* [Assignment] Copy the lines below exactly, starting at the one with "Soff-Cut 310 concrete saw - DU3333" and ending at the one with "Лючок бензобака", and leave out any picture.

* [Listed records]
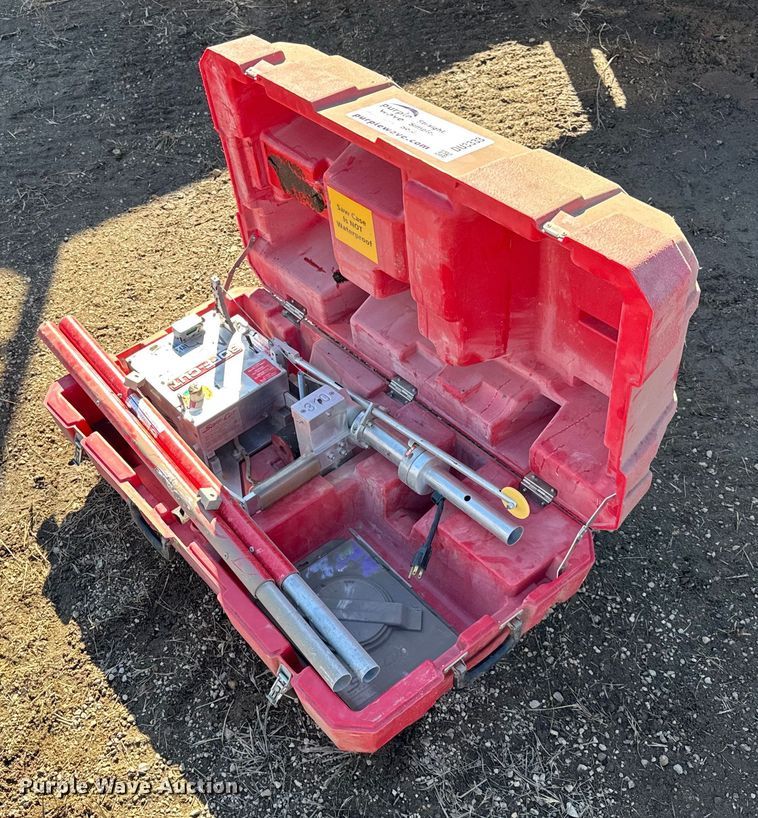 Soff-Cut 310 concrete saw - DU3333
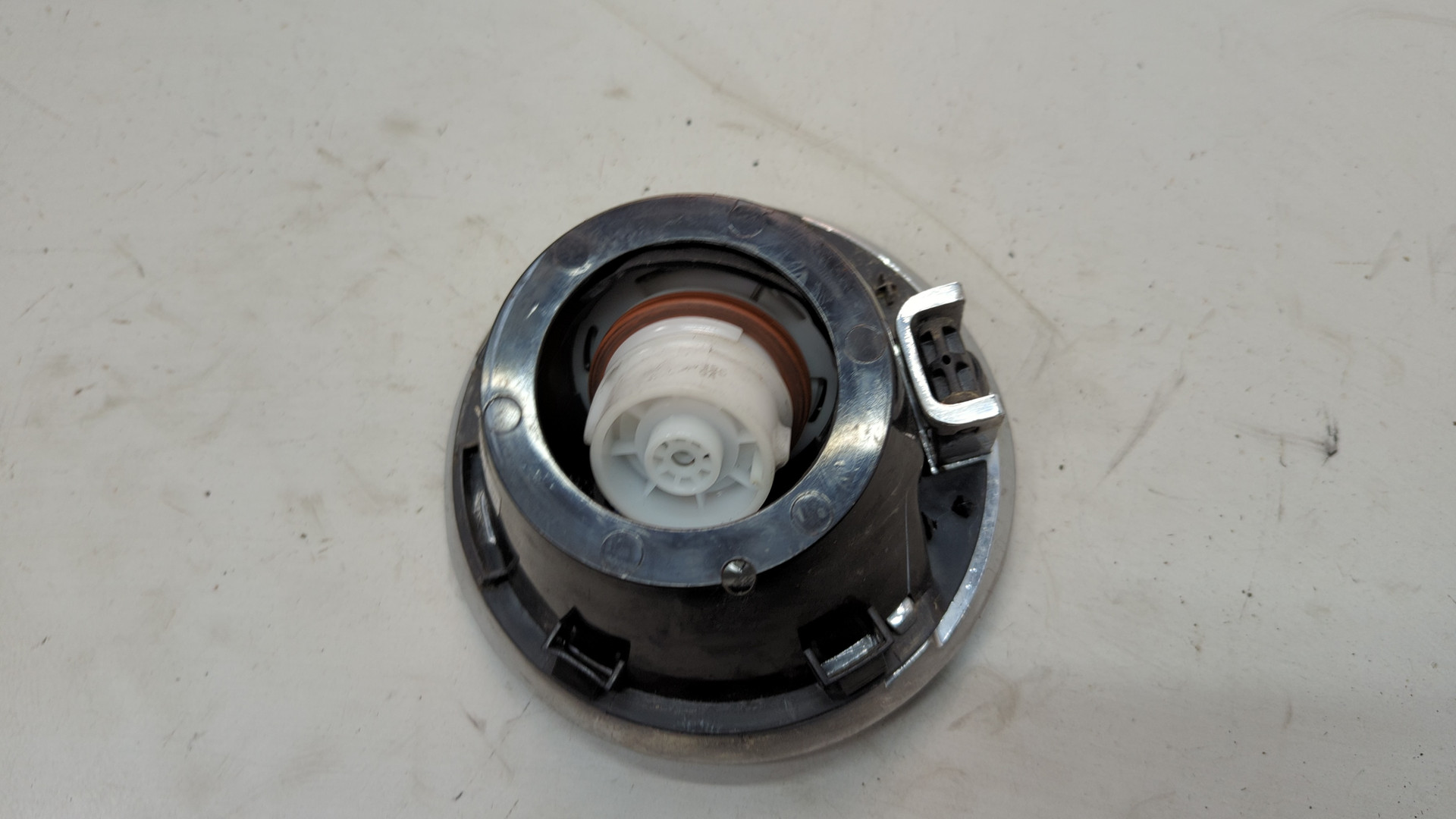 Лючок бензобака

...

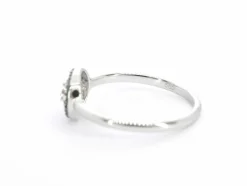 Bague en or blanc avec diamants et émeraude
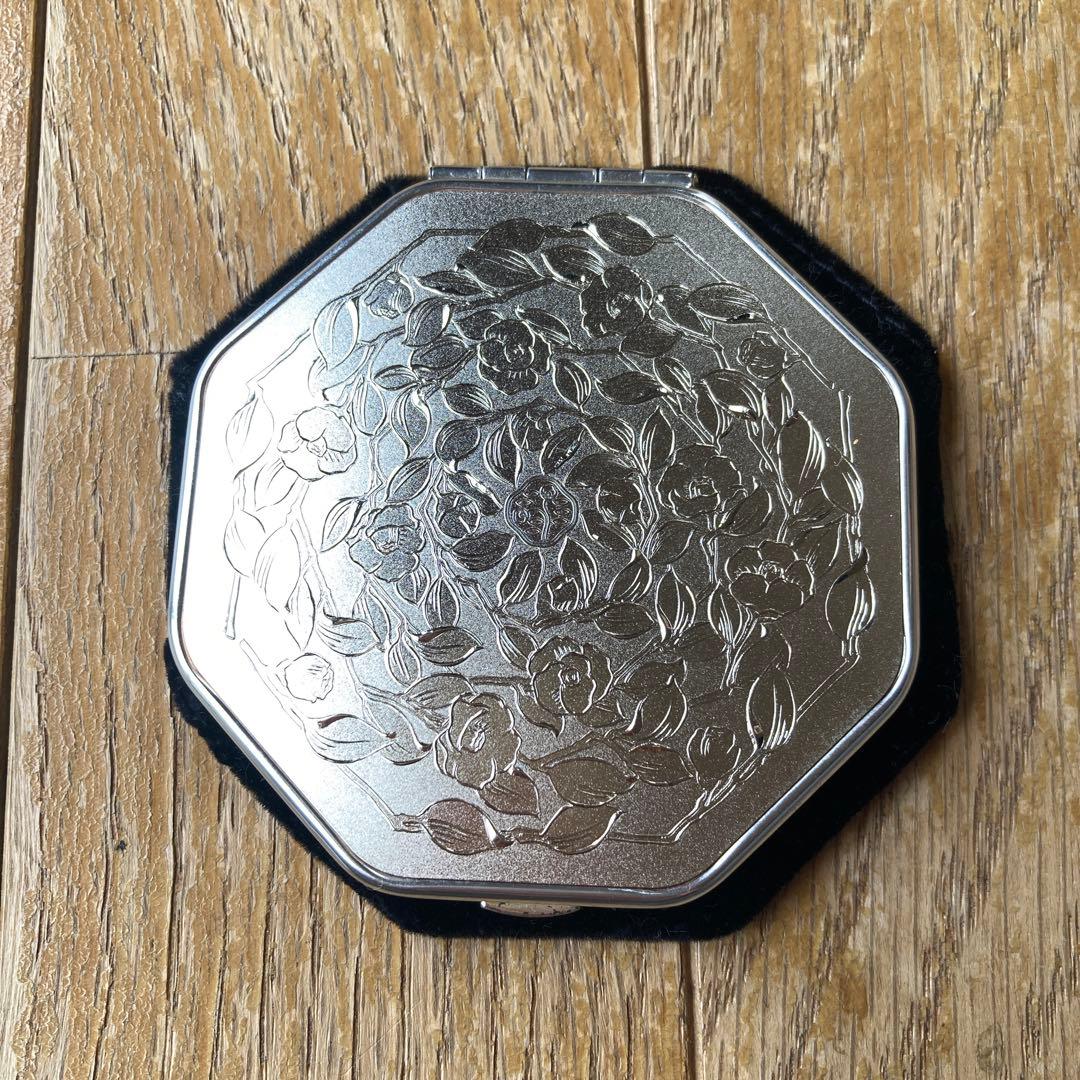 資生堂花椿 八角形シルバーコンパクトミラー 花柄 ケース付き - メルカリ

---

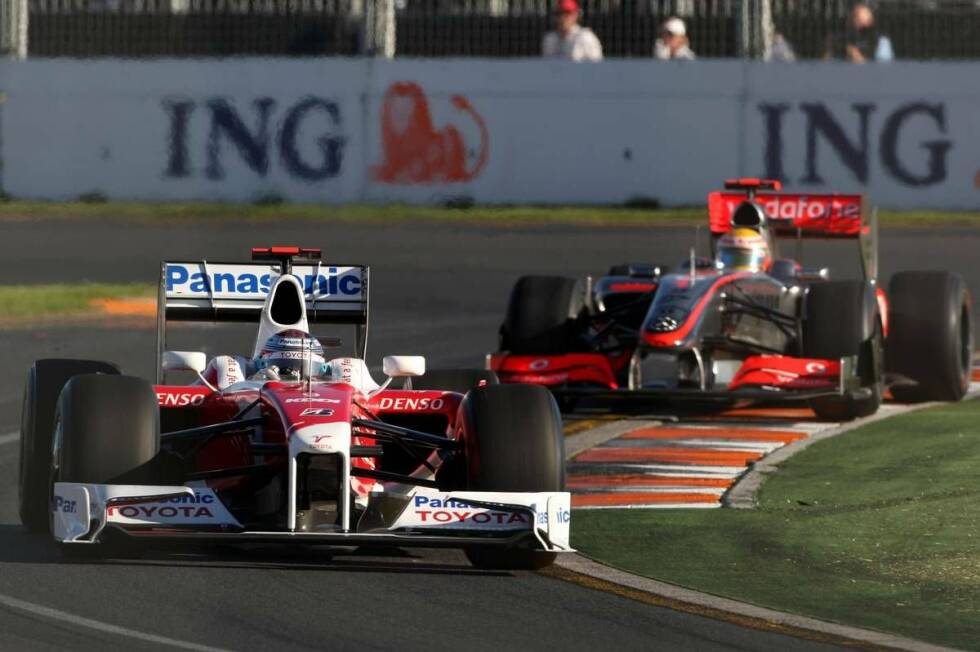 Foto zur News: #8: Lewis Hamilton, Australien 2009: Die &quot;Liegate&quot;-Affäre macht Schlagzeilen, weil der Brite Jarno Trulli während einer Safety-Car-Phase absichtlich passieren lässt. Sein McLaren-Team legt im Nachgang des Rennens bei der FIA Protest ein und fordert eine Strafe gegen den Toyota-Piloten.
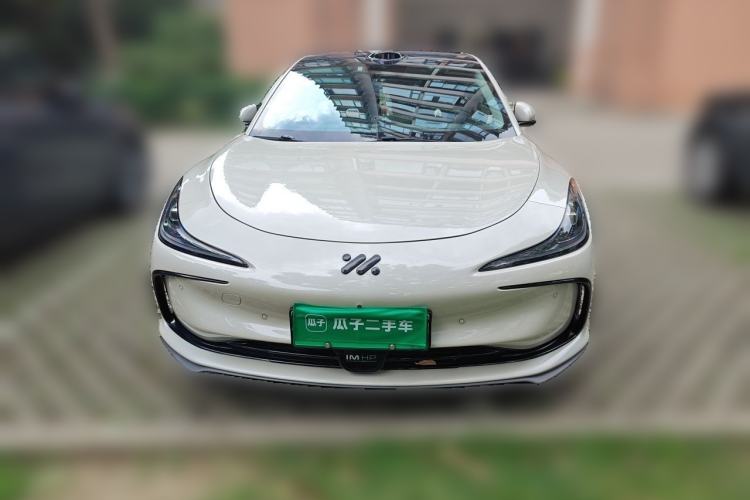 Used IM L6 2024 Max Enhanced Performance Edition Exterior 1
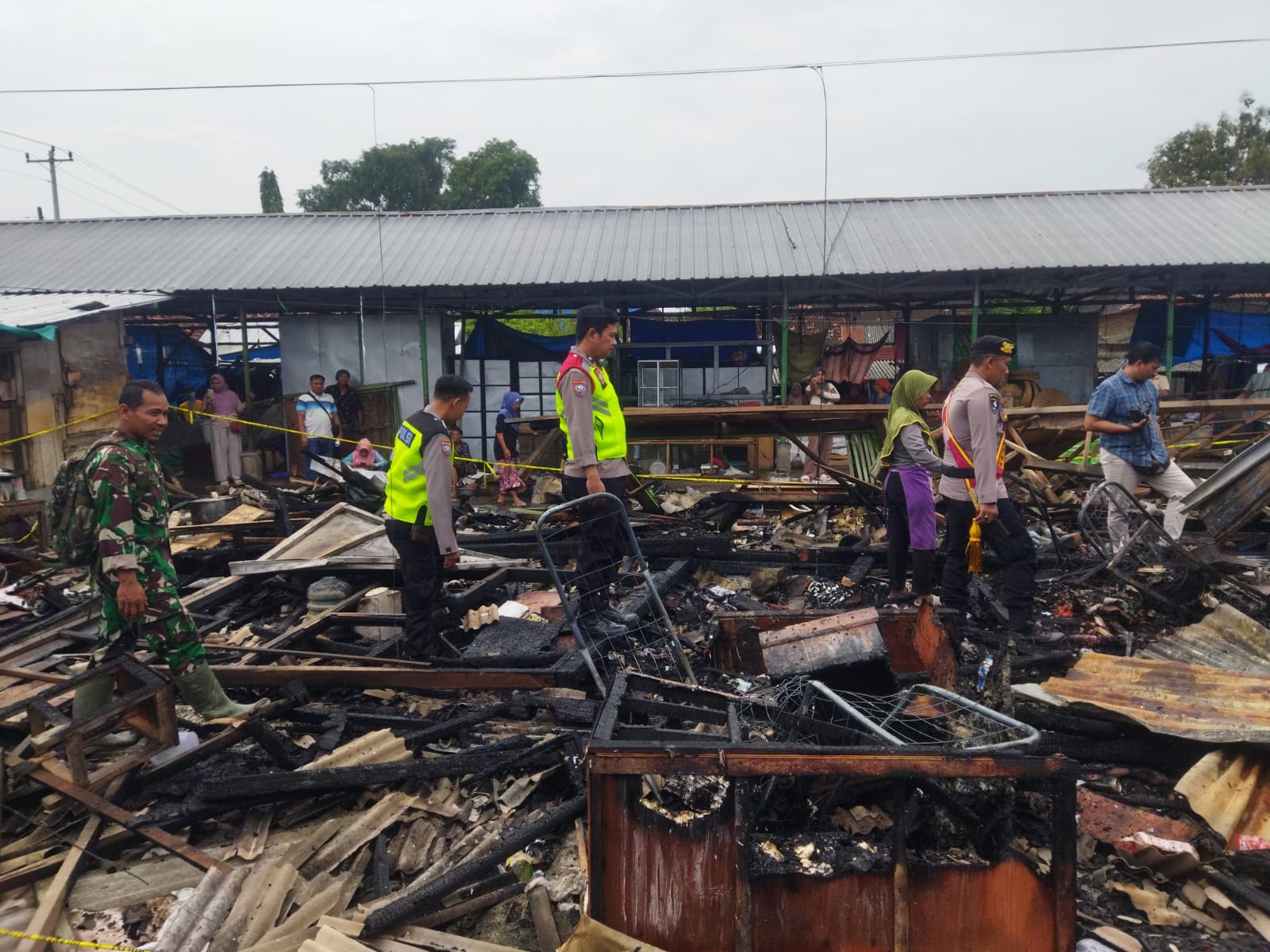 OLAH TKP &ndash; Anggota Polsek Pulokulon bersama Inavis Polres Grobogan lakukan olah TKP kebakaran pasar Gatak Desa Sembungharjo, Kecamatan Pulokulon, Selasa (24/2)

* [Problem solution]
 Soff-Cut 310 concrete saw - DU3333
 Лючок бензобака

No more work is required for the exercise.